# F150 cab divider?



## KC_Pike (Aug 18, 2008)

Hello all, I have a rather unique vehicle/dog containment question. Right now I have a 42 inch wire crate stuck in the back seat of my F150 truck cab...it has worked perfectly up until now. As my boy is getting bigger though it wont be too long until he outgrows his crate so Im trying to think of a way to secure that back area of my truck cab so its like a big ole crate.

Has anyone else here ever made a dog area in the back of their truck cab? If so, could you share what you have done or any ideas you might have? Id love to secure that area and always have it for him so I dont mind putting something rather permanent in. Most dividers I have seen are for the back of an SUV.

Thanks in advance! Ill also get some pictures.


----------



## Lauri & The Gang (Jun 28, 2001)

Are you talking about the inside of the truck or the bed of the truck?

If you are talking inside, I would think some PVC pipes, connectors, welded wire fencing and a little elbow grease and you could make your own divider!


----------



## KC_Pike (Aug 18, 2008)

Yup, the inside...to make that bench seat in the back his area when we go somewhere.

Im about the most unhandy guy you will ever meet...ha! I did find a picture online of something someone made...so Id have a template.

I wish there was something out there, so many for SUV's!


----------



## Liesje (Mar 4, 2007)

I made a divider for my car. I took the three panels I got with my three Midwest crates (the divider panels). I attached them together to make the right width, then I used high tensile wire cutters to sort of round it out. With 2-3 panels overlapping at some points it was pretty strong! I put bits of electric tape on the tips of the piece where I'd cut so they wouldn't be sharp and jap into the interior upholstery of the car's sides or ceiling. I build a platform to make the back area level with the seat. I didn't really "build" it, I just got two plastic crates (like this) and found a piece of wood that fit perfectly over top, then used these square pieces of 1.5" thick foam that I save at work (they come in the boxes that laptops are shipped in) and covered the seat and the piece of wood, then I put my "dog hammock" (see here) over that.

How big is your dog?
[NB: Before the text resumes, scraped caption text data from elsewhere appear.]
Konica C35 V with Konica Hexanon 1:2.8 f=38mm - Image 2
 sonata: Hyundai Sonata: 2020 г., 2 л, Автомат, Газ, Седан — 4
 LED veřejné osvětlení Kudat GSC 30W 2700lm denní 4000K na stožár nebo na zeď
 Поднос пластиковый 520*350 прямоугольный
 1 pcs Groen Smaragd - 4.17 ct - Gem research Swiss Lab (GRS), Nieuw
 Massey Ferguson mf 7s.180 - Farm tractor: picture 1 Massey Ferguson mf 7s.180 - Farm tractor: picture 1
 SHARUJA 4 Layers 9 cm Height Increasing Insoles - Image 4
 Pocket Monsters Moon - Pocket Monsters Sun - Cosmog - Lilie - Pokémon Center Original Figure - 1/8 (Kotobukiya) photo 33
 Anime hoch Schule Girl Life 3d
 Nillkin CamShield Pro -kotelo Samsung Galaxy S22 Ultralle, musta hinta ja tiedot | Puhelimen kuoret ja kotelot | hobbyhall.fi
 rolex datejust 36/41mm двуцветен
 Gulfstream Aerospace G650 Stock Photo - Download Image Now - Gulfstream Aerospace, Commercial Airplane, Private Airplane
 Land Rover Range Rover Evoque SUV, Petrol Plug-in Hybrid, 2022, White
I use 36" crates for mine in the car or van (2 GSDs and 1 mutt that is bigger than my GSDs at 26"). I want them to be comfortable and well ventilated but not have so much room they are standing up, pacing, or turning around in the car, lest they get accidentally slammed around in the crate.


----------



## KC_Pike (Aug 18, 2008)

Thanks for that info! This morning I took the divider I have and put it in the cab to see how I might be able to try something out.

At the end you touched on something I didnt even think about, when you mentioned not wanting too much room so he cant get slammed around if I have to swerve or get in an accident! In my mind I had the idea of making it larger back there so he would have more room and I could take him with me on longer drives but I didnt take into account too much room might not be a good thing!

I have a 42 inch crate wedged back there and he is about 24-25 inches now...so I think its best to just keep using that unless he really grows!

Thanks so much...


----------



## Liesje (Mar 4, 2007)

What I did was used both, so for actual rides if only one dog was coming I used the crate on the seat. Then if it was a trial or something where we weren't moving, I could fold up the crate and give the dog the back area, or take the crate out and put it somewhere with better shade.


----------



## KC_Pike (Aug 18, 2008)

Another great point, thanks so much!


----------